The acquisition connects Sonoma Coast State Park to Monte Rio Redwoods Regional Park and the Bohemian Grove, a 2,700-acre private campground south of Guerneville that has been owned since 1878 by a private men’s club, the Bohemian Club.
Every year the club has a camping retreat at the grove under tight security. The club’s members in the past have included presidents, from Theodore Roosevelt and Herbert Hoover to Richard Nixon and Ronald Reagan, captains of industry such as David Packard, Joseph Coors and William Randolph Hearst, and other prominent people, including writer Jack London, atomic physicist J. Robert Oppenheimer, Grateful Dead guitarist Bob Weir and former California Gov. Arnold Schwarzenegger.
In addition to providing a protected link for wildlife, the new acquisition, known as the Monte Rio Expansion property, also offers the potential to create a new network of public hiking trails from Monte Rio park to the Sonoma Coast, Whitaker said.
The property has been logged off and on since the 1800s.
There are a few old-growth redwood trees, including one ancient tree 14 feet wide with a natural tunnel through its base. But most are second-and-third growth trees, mixed in with Douglas fir and other species, Hodder said. The last logging operation there occurred in 2022 when Mendocino Redwood Company selectively cut 319 acres.
Mendocino Redwood Company, based in Ukiah, already has expanded parks in the area. The company sold the adjacent 3,400 acres of redwood forest in 2005, a property called Willow Creek, to the California Department of Parks and Recreation. It was added to Sonoma Coast State Park.
“We were approached by Save the Redwoods League on this, and they made a good case for the benefits of adding these forest lands to what was already created in 2005,” said Mendocino Redwood Company President Bob Mertz. “We were able to work through it together.”
The property is home to a number of threatened and endangered species, including the spotted owl, California giant salamander and yellow-legged frog.
Of the $24 million purchase price, $6 million will come from the Sonoma County Agricultural Preservation and Open Space District, a local government agency, and $4 million is expected to come from the Sonoma Land Trust, a non-profit environmental group.
The rest, Hodder said, will be raised in private donations and government grants by Save the Redwoods League. He noted that California voters in November approved Proposition 4, a $10 billion state bond act to fund forest and parkland preservation, fire safety projects and climate change work, and that the league would be applying to the state for some of that money.

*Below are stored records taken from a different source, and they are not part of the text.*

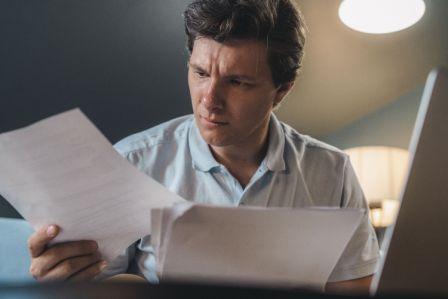 BC resident carefully reviewing a free will template at their desk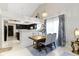 Dining room with modern chandelier and view to the kitchen at 8599 Lansdowne Dr, Fishers, IN 46038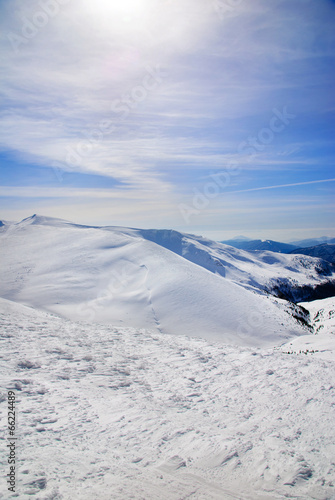 WInter snowy mountains landscape with blue sky © EMrpize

Save the Redwoods League, founded in 1918, has protected more than 220,000 acres of redwood and sequoia forests over the last century. By buying land and development rights from willing sellers, it has expanded 66 state, national and local parks around California, including Redwood National Park and Sequoia-Kings Canyon National Park, along with Big Basin, Calaveras Big Trees, Del Norte, Emerald Bay, Grizzly Creek, Año Nuevo, Henry Cowell, Prairie Creek, Pfeiffer Big Sur, Jedediah Smith and other landmark state parks.
Last September, the group closed a $15 million deal to purchase 1,624 acres of redwoods and picturesque coastal meadows adjacent to what is now Fort Ross State Historic Park, 12 miles north of Sonoma Coast State Park, expanding the protected lands around Fort Ross by 50%.
In 2021, the group spent $36.9 million to buy five miles of rugged oceanfront land on the Mendocino Coast, totaling 3,181 acres, at the southern end of the “Lost Coast” between Rockport and Ferndale. Last month, it transferred that property to the Bureau of Land Management for public recreation.
Whitaker said the public will enjoy the new Monte Rio property when it opens this summer.
“You are surrounded by an expansive, beautiful forested area,” he said. “You come across amazing meadows. In the morning, the fog comes in, and it feels like you are on top of the world. It’s a classic Northern California landscape.”